Stored entries
-------------------------

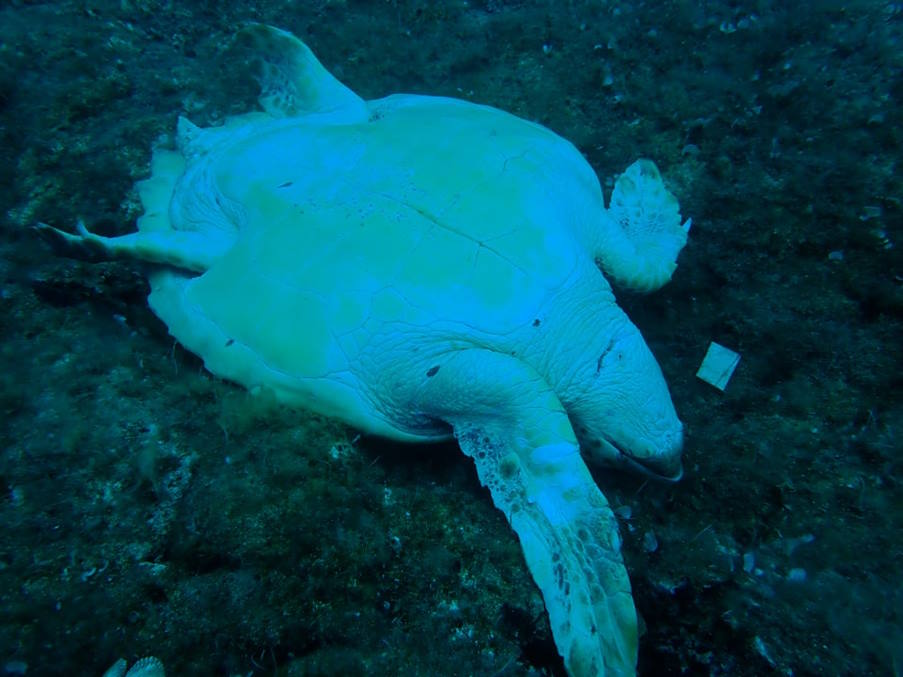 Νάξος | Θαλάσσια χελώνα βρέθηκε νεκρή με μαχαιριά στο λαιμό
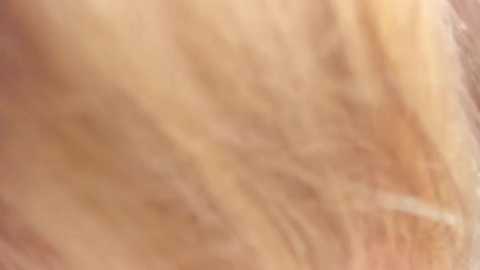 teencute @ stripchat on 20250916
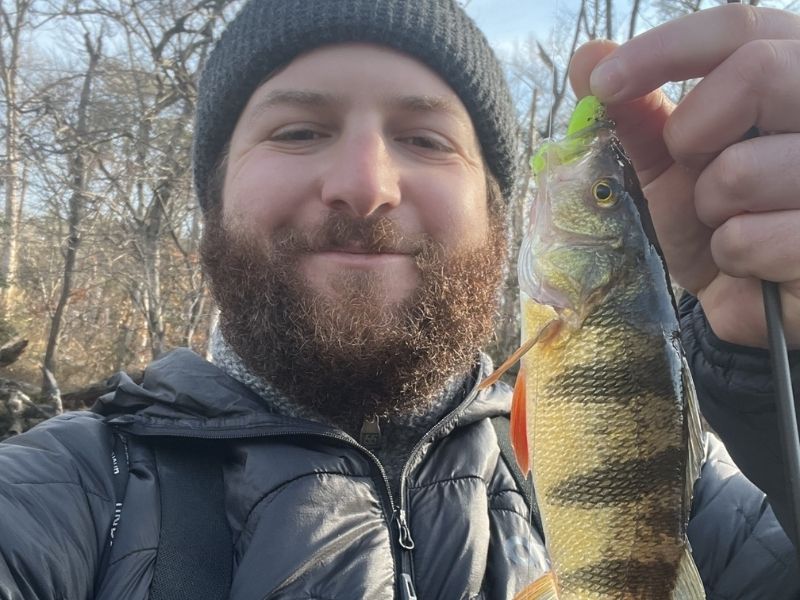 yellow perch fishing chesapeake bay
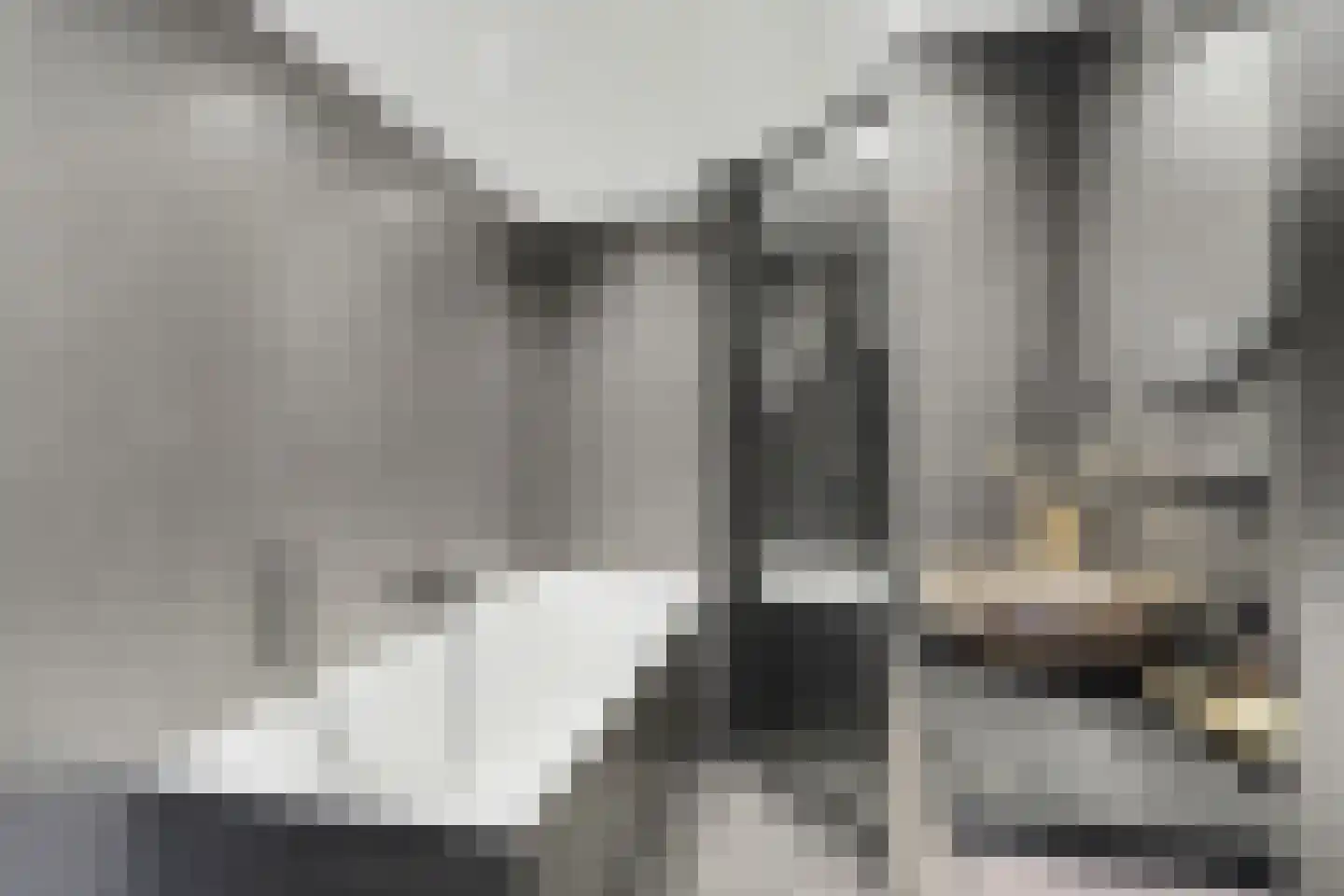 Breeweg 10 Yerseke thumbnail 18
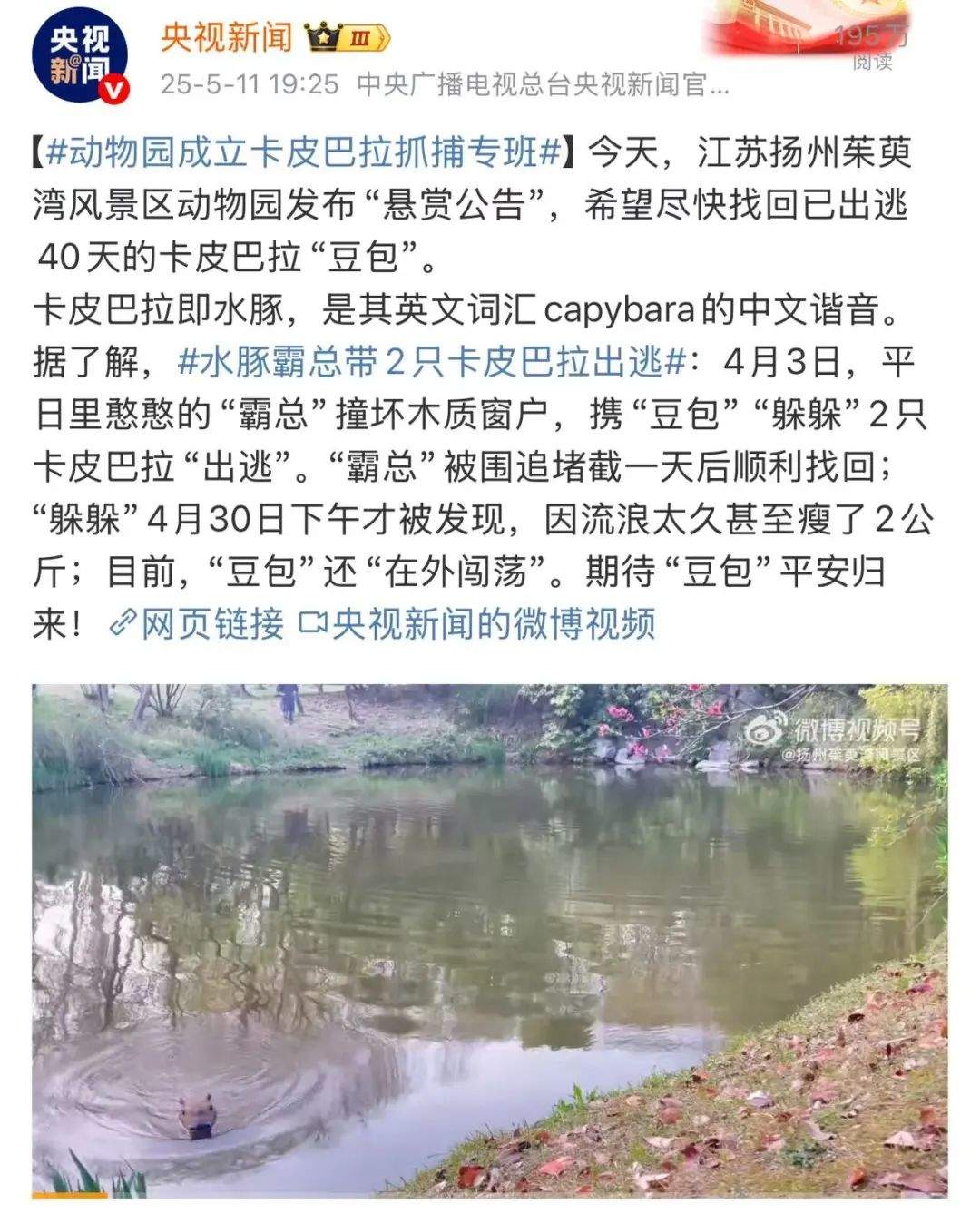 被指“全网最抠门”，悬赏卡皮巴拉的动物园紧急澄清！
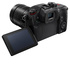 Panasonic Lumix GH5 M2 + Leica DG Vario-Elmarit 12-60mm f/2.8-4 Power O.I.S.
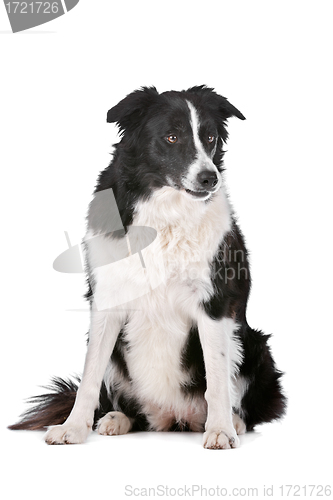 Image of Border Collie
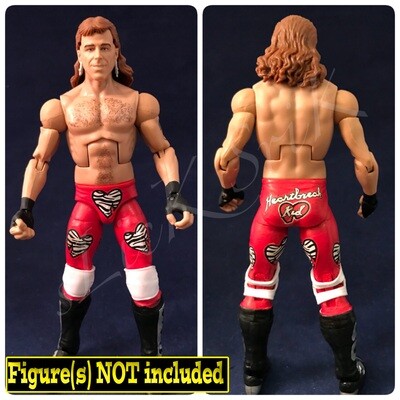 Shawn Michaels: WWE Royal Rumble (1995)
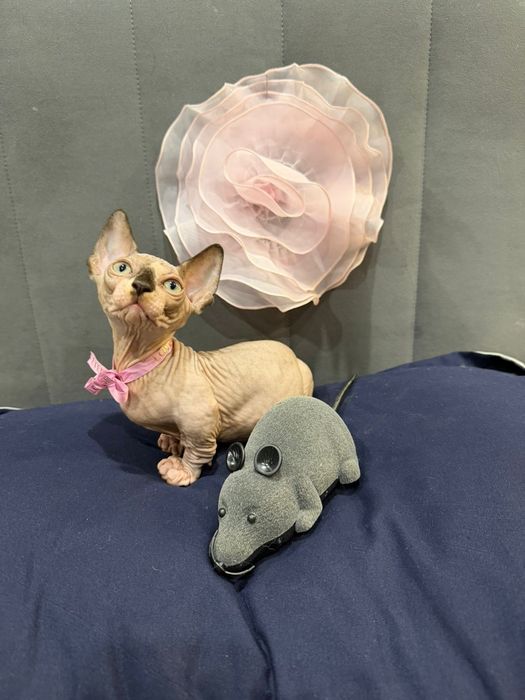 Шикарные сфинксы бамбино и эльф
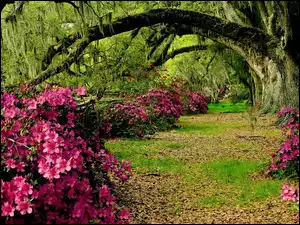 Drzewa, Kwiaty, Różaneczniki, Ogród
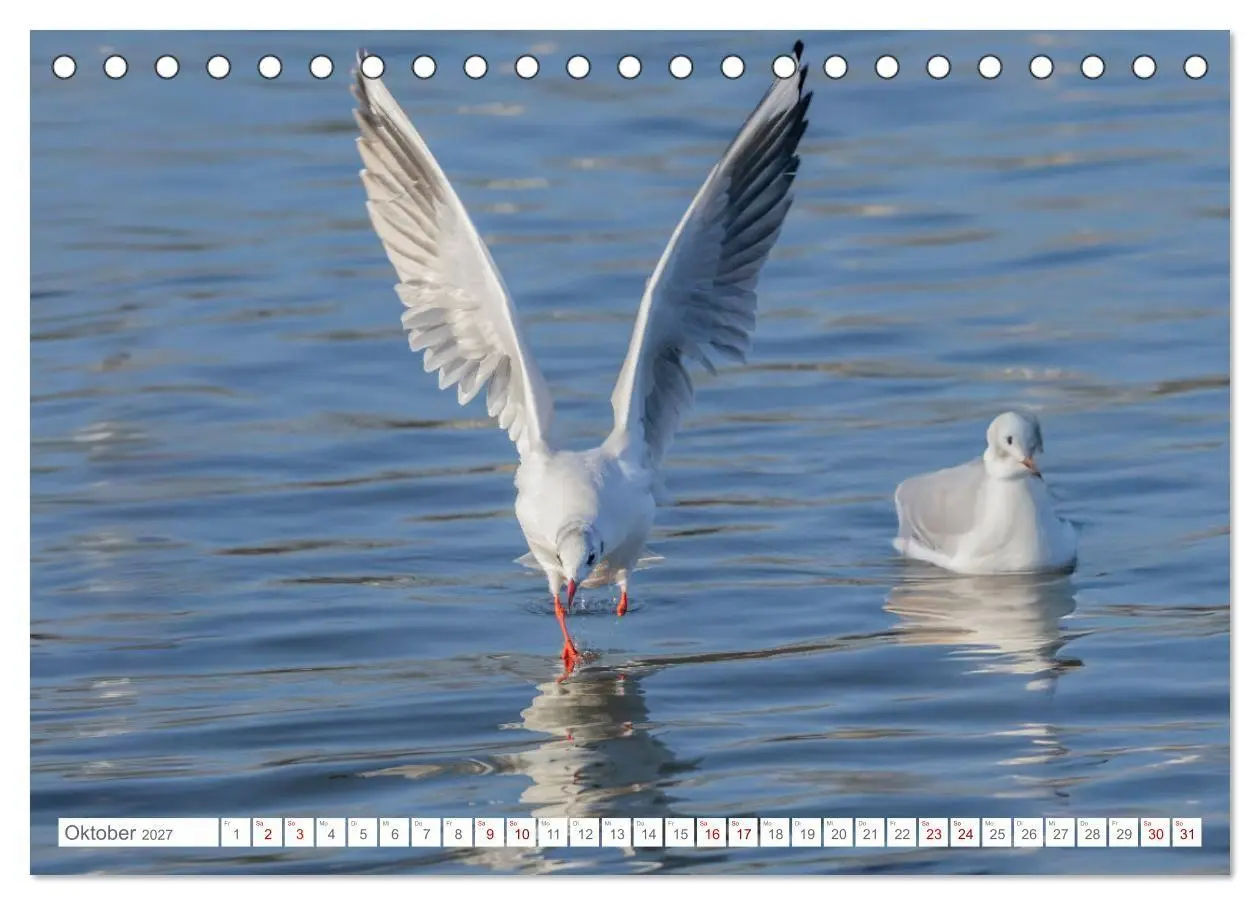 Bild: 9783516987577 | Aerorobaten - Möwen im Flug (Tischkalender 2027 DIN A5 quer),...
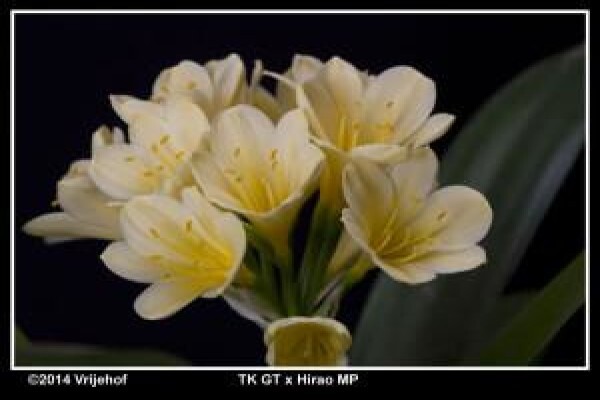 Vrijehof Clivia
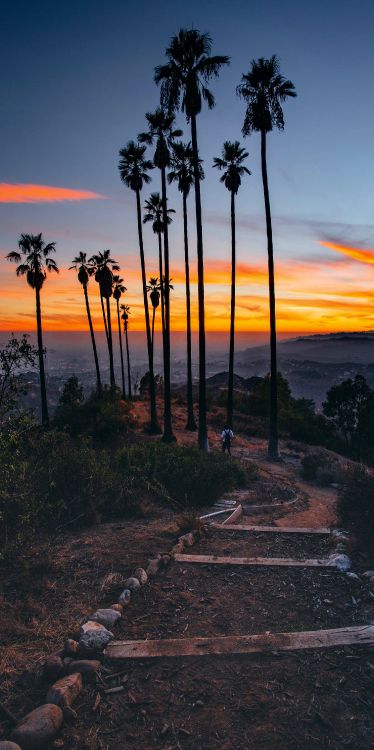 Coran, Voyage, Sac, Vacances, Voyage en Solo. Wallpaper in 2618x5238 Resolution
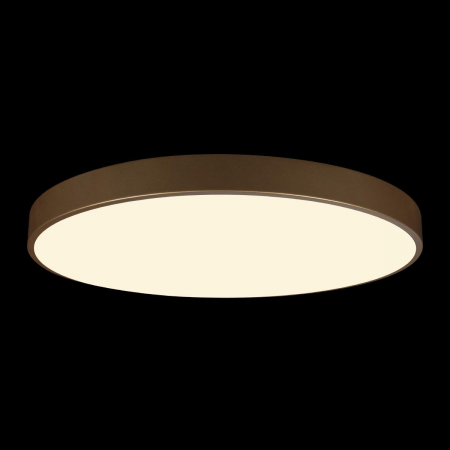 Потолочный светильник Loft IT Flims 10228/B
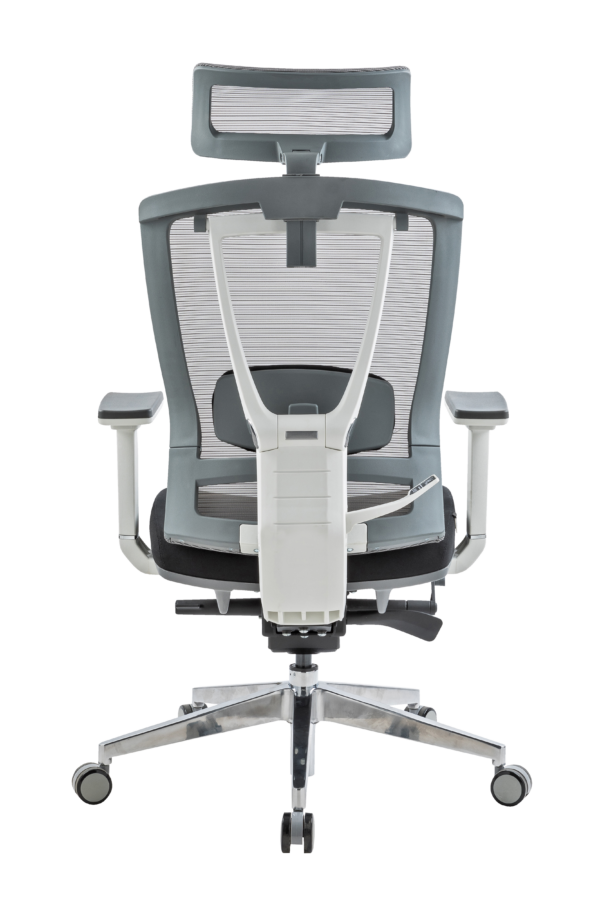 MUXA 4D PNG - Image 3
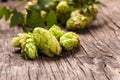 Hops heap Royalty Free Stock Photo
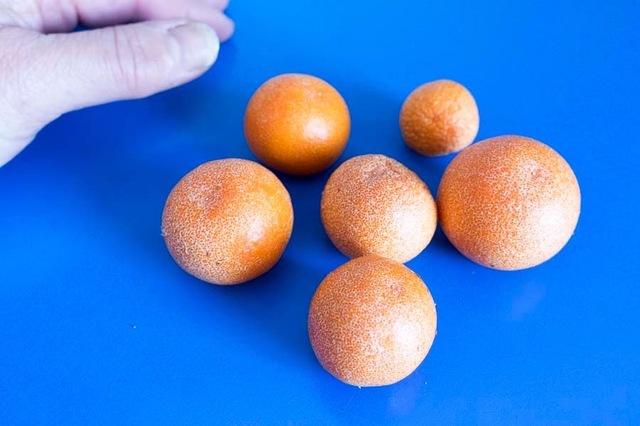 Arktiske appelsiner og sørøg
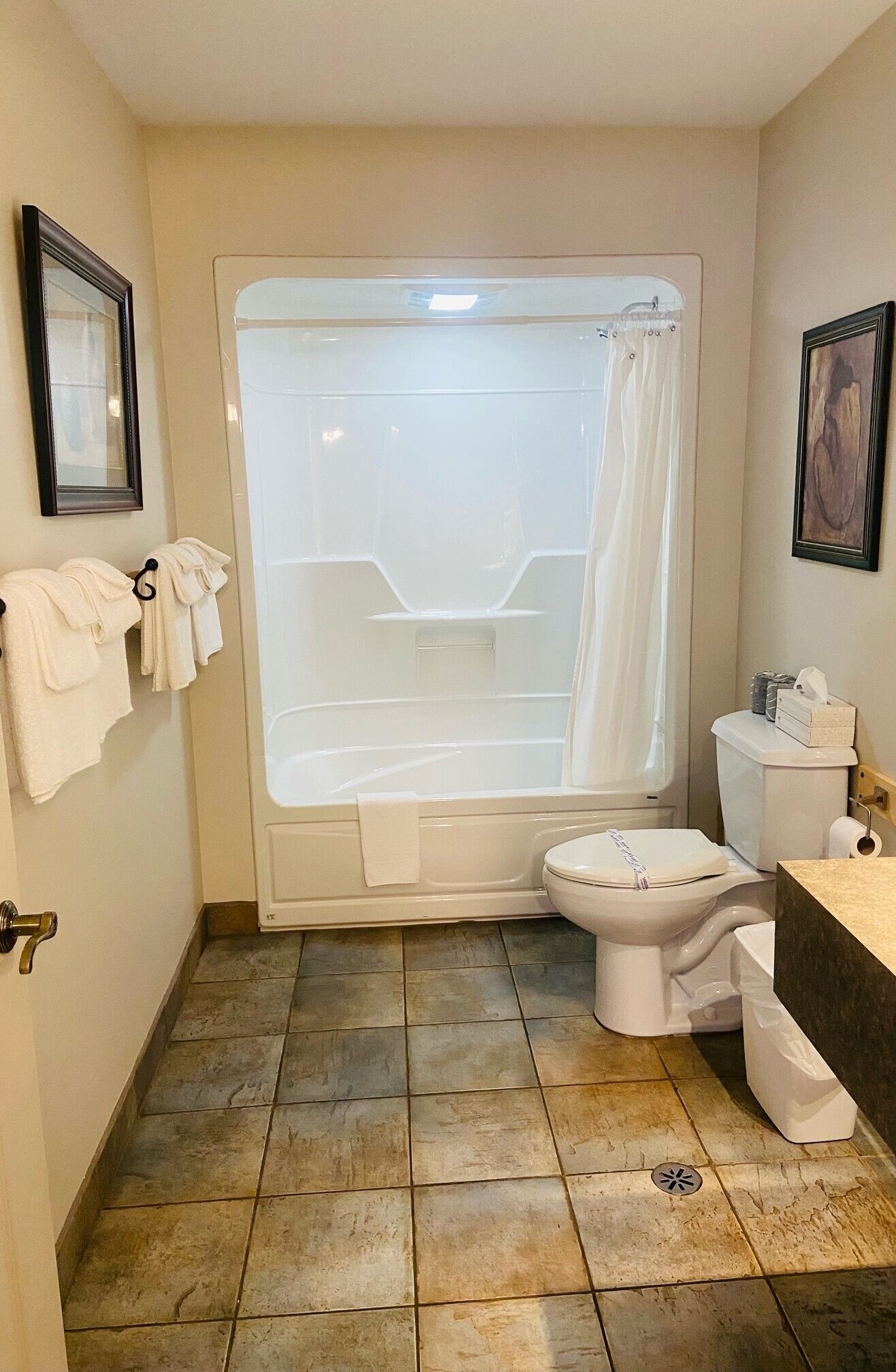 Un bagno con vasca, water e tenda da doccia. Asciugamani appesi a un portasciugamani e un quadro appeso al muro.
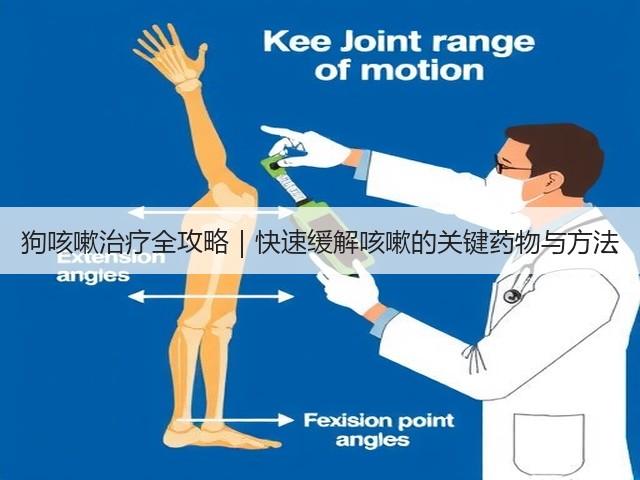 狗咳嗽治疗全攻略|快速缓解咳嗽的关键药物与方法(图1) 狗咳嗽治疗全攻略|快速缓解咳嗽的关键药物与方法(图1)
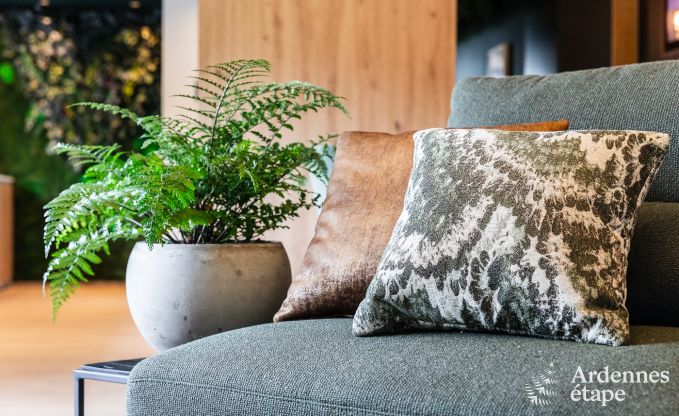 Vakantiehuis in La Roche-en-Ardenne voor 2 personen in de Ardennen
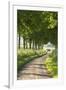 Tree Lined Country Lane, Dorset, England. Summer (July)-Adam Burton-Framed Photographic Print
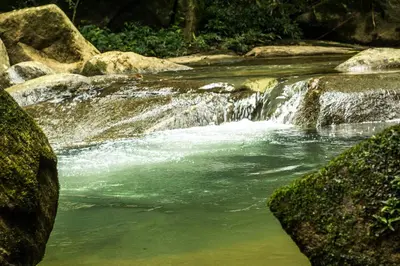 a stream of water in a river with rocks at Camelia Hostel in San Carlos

-------------------------

■ Task to complete: Return every entry exactly, dropping the pictures.

■ Exercise output:
 Νάξος | Θαλάσσια χελώνα βρέθηκε νεκρή με μαχαιριά στο λαιμό
 teencute @ stripchat on 20250916
 yellow perch fishing chesapeake bay
 Breeweg 10 Yerseke thumbnail 18
 被指“全网最抠门”，悬赏卡皮巴拉的动物园紧急澄清！
 Panasonic Lumix GH5 M2 + Leica DG Vario-Elmarit 12-60mm f/2.8-4 Power O.I.S.
 Image of Border Collie
 Shawn Michaels: WWE Royal Rumble (1995)
 Шикарные сфинксы бамбино и эльф
 Drzewa, Kwiaty, Różaneczniki, Ogród
 Bild: 9783516987577 | Aerorobaten - Möwen im Flug (Tischkalender 2027 DIN A5 quer),...
 Vrijehof Clivia
 Coran, Voyage, Sac, Vacances, Voyage en Solo. Wallpaper in 2618x5238 Resolution
 Потолочный светильник Loft IT Flims 10228/B
 MUXA 4D PNG - Image 3
 Hops heap Royalty Free Stock Photo
 Arktiske appelsiner og sørøg
 Un bagno con vasca, water e tenda da doccia. Asciugamani appesi a un portasciugamani e un quadro appeso al muro.
 狗咳嗽治疗全攻略|快速缓解咳嗽的关键药物与方法(图1) 狗咳嗽治疗全攻略|快速缓解咳嗽的关键药物与方法(图1)
 Vakantiehuis in La Roche-en-Ardenne voor 2 personen in de Ardennen
 Tree Lined Country Lane, Dorset, England. Summer (July)-Adam Burton-Framed Photographic Print
 a stream of water in a river with rocks at Camelia Hostel in San Carlos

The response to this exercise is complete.